コメダ珈琲店を展開するコメダホールディングスは、株主優待銘柄として根強い人気を持つ。
その背景には、優待や配当だけでなく、外食業界でも高水準とされる収益性がある。投資家・桐谷広人さんの投稿や2026年2月期の決算資料から、その「稼ぐモデル」の強さを読み解く。
高水準の営業利益率、その背景は?
人気の背景の1つは、株主優待・株価上昇・配当を兼ね備えた総合的な投資妙味にある。
桐谷さんは4月25日、Xでコメダホールディングス株について、2016年の上場直後に1850円で100株買ったことを明かした。その後もずっと株主優待ポイントをもらっているといい、「今は3030円。優待を頂きながら含み益☺️」と投稿した。
取得時から株価は約1.6倍となっており、この日は株主優待を活用しながら、コメダ珈琲店でランチを楽しんだという。
この投稿には、「含み益+配当と本当に良い個別株ですね」「配当・含み益・優待の3拍子が揃う銘柄を、上場直後から持ち続けているなんてすごい!」といった声が寄せられている。
コメダホールディングスの2026年2月期決算は、売上高572.25億円(前期比21.6%増)、営業利益94.24億円(同6.8%増)で増収増益。営業利益率は16.5%となった。
タリーズコーヒーは約8.74%、ドトールは約6.38%、サンマルクは約5.42%。他の主要チェーン店に比べて高い水準にあると言える。その背景には独自の事業モデルがある。

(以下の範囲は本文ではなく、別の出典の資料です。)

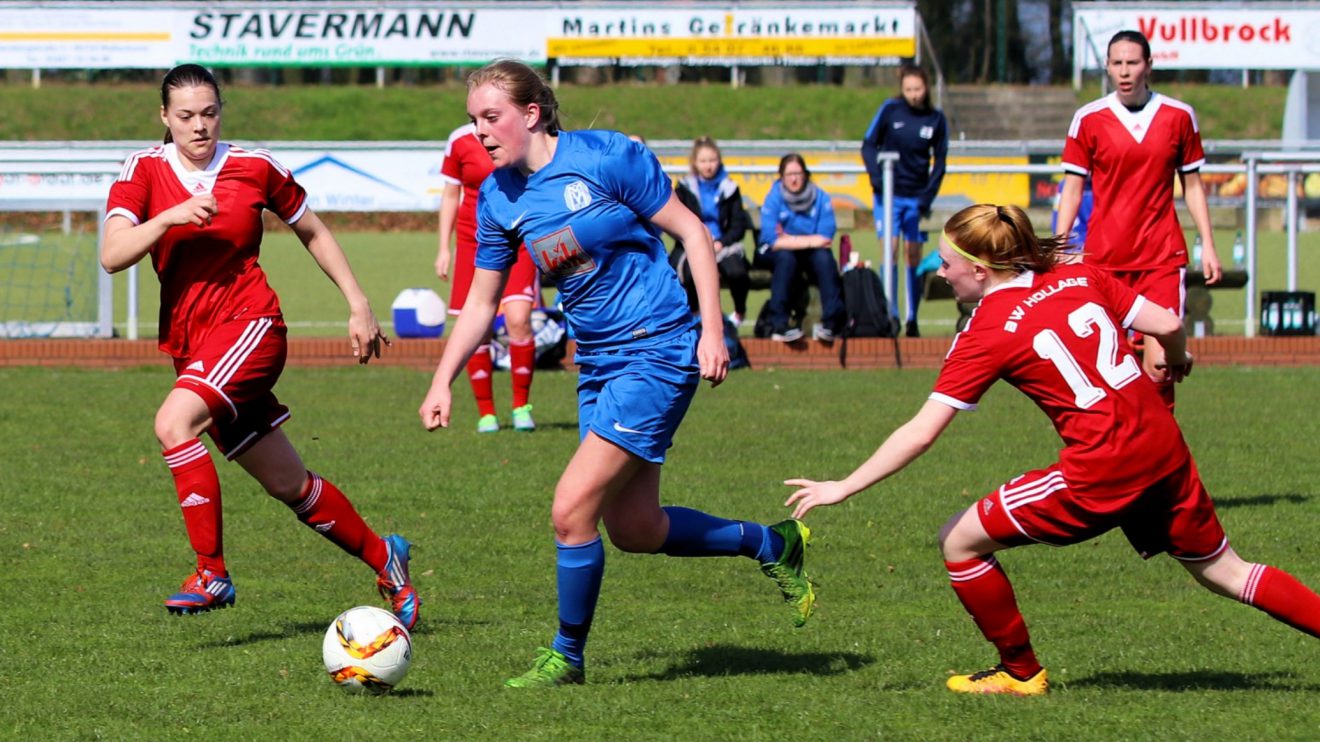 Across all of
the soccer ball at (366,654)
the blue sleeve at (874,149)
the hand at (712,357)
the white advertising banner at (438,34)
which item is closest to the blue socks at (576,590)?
the soccer ball at (366,654)

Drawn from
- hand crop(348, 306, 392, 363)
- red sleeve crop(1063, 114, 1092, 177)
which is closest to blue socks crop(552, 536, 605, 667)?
hand crop(348, 306, 392, 363)

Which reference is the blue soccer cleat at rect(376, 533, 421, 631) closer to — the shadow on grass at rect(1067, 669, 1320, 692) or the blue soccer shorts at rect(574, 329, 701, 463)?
the blue soccer shorts at rect(574, 329, 701, 463)

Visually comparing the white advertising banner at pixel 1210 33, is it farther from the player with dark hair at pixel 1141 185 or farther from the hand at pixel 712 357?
the hand at pixel 712 357

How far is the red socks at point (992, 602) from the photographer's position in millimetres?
5066

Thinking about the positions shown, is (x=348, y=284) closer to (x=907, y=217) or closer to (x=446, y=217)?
(x=446, y=217)

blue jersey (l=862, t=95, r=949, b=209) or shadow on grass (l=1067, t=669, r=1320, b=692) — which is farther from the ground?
blue jersey (l=862, t=95, r=949, b=209)

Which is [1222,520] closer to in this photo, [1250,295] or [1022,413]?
[1022,413]

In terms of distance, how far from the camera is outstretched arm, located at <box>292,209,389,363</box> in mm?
6094

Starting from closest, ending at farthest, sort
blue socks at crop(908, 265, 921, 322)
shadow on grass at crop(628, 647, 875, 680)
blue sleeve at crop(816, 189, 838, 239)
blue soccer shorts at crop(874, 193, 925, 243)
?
shadow on grass at crop(628, 647, 875, 680)
blue sleeve at crop(816, 189, 838, 239)
blue socks at crop(908, 265, 921, 322)
blue soccer shorts at crop(874, 193, 925, 243)

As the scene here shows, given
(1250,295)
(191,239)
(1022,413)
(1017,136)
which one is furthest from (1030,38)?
(191,239)

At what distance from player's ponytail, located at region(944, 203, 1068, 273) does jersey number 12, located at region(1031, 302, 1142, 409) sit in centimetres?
21

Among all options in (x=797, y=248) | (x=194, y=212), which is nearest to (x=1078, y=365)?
(x=194, y=212)

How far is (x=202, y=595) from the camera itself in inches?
234

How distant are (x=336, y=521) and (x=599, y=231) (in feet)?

コメダは経営理念に「心にもっとくつろぎを」を掲げている。多くのカフェチェーンが回転率を重視するなか、コメダはそれとは対照的に、滞在価値を重視している。ゆったりとしたソファ席や長居しやすい空間づくりによって、コーヒー1杯に加え、シロノワールや軽食などの追加注文を促し、客単価の向上につなげている。

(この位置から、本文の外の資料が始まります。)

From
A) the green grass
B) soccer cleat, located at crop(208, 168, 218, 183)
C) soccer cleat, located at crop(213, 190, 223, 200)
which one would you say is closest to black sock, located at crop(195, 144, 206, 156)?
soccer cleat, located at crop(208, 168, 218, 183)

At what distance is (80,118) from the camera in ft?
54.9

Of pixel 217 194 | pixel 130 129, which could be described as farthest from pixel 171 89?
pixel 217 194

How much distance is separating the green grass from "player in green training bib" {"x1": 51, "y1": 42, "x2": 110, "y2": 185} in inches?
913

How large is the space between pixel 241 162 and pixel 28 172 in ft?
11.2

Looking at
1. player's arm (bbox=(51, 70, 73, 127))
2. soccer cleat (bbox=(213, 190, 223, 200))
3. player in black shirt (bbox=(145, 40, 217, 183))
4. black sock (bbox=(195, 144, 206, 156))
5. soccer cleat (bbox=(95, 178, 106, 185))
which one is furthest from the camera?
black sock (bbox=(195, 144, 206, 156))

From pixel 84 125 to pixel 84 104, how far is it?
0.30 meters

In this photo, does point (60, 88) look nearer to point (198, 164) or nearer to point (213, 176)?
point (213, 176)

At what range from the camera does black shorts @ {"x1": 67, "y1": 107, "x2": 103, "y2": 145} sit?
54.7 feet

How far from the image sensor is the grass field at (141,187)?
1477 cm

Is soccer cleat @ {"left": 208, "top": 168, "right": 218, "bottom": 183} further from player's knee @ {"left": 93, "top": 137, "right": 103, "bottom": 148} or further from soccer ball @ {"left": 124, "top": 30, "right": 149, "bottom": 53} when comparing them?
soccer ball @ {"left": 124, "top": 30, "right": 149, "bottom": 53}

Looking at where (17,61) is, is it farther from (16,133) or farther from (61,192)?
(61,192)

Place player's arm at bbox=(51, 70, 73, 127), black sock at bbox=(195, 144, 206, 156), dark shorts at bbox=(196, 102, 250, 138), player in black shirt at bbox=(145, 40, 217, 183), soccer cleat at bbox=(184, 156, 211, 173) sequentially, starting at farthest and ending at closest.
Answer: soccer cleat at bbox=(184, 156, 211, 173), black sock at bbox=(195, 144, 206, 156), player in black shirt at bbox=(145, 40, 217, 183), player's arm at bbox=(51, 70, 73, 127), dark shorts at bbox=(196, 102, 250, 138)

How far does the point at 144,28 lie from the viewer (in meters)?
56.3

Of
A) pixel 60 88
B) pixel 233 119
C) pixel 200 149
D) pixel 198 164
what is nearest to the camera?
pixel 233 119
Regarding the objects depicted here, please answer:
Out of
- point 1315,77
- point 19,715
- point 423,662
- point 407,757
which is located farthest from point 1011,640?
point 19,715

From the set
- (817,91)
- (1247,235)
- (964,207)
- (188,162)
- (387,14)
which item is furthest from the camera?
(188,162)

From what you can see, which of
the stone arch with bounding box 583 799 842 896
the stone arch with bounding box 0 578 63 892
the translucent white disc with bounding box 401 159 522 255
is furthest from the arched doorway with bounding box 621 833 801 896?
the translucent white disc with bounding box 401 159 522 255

看板商品の「シロノワール」やボリューム感のある軽食メニューは、コーヒー単体よりも高い客単価を生みやすい。また、「ポケモン」などとのコラボメニューも、新規顧客の獲得につながっている。
全店舗の9割以上がフランチャイズ(FC)という点も特徴だ。本部は店舗運営コストを抑えつつ、パンやコーヒー豆などの「卸売」を収益の柱とすることで、高い利益率を維持しやすい構造を築いている。
さらに、一般的な売上連動型ではなく、「1席あたり月額1500円」という定額制のロイヤルティを採用。加盟店は売上増加分が利益に反映されやすく、オーナー側の運営意欲を保ちやすい仕組みとされる。
海外展開も加速。投資家にも還元
コメダは新中期経営計画「CONNECT 2030」で、2031年2月期までにグループ1400店舗、営業利益130億円を目標に掲げ、海外展開も加速させる方針だ。

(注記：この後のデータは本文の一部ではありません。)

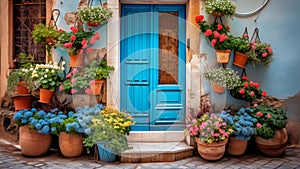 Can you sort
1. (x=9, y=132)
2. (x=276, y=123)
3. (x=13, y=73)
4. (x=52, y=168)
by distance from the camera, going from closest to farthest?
(x=52, y=168) → (x=276, y=123) → (x=13, y=73) → (x=9, y=132)

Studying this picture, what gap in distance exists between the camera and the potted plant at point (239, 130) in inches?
199

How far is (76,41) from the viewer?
5230 mm

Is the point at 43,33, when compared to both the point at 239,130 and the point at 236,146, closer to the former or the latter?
the point at 239,130

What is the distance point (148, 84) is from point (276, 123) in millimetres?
2068

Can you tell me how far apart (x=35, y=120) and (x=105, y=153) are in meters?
1.13

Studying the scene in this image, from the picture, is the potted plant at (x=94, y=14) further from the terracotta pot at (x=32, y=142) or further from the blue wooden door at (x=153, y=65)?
the terracotta pot at (x=32, y=142)

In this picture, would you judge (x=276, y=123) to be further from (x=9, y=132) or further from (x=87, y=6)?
(x=9, y=132)

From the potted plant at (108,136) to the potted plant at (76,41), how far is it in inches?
40.9

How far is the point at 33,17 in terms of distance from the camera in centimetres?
583

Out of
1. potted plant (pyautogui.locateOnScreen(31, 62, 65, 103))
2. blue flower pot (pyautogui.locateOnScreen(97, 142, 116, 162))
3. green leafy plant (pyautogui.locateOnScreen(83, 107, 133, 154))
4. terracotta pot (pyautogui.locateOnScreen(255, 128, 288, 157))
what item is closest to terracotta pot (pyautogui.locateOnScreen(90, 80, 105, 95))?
green leafy plant (pyautogui.locateOnScreen(83, 107, 133, 154))

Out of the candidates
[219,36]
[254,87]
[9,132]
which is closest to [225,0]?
[219,36]

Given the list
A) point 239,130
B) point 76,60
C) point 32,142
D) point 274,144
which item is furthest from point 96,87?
point 274,144

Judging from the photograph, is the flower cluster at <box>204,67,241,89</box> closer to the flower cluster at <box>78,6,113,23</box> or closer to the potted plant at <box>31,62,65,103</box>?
the flower cluster at <box>78,6,113,23</box>

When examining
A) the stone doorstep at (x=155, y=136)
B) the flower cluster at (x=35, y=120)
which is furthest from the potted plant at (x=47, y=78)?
the stone doorstep at (x=155, y=136) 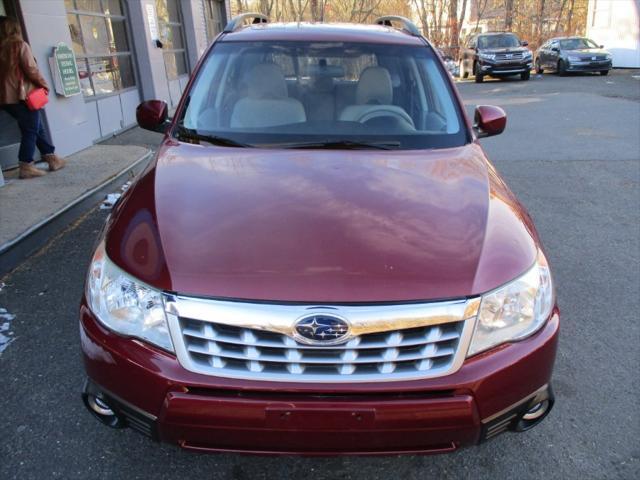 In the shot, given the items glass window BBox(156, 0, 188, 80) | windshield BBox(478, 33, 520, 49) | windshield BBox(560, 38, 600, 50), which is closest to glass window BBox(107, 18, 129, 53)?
glass window BBox(156, 0, 188, 80)

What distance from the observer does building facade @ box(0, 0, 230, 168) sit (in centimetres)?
684

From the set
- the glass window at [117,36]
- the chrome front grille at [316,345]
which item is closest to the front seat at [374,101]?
the chrome front grille at [316,345]

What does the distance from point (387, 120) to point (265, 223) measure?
1381mm

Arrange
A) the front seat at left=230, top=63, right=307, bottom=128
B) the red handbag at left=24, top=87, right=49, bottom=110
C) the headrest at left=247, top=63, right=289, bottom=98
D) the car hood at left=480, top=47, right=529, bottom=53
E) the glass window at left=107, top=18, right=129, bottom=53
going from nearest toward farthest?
the front seat at left=230, top=63, right=307, bottom=128 → the headrest at left=247, top=63, right=289, bottom=98 → the red handbag at left=24, top=87, right=49, bottom=110 → the glass window at left=107, top=18, right=129, bottom=53 → the car hood at left=480, top=47, right=529, bottom=53

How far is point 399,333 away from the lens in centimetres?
172

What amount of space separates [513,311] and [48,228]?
4.15m

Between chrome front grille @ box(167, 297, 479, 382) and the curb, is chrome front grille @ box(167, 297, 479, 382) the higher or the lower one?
the higher one

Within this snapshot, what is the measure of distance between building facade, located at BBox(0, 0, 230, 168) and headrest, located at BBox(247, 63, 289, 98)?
466 cm

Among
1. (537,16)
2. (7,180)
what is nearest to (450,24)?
(537,16)

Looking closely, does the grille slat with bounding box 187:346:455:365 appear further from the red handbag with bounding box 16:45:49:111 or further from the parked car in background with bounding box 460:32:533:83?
the parked car in background with bounding box 460:32:533:83

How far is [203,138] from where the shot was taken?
2.87 m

加えて、配当と自己株式取得を合わせた総還元性向50%以上を目標に掲げるなど、株主還元にも積極姿勢を示している。

コメダホールディングス
株主優待の魅力に加え、高い収益性と還元方針の両立が、桐谷さんのような長期保有株主や投資家から注目を集める理由の一つとなっているようだ。
本記事は、事例として取り上げた金融商品の売買を勧めるものではありません。本記事に記載した情報によって読者に発生した損害や損失に関しては、発行媒体は一切責任を負いません。投資における最終決定はご自身の判断で行ってください。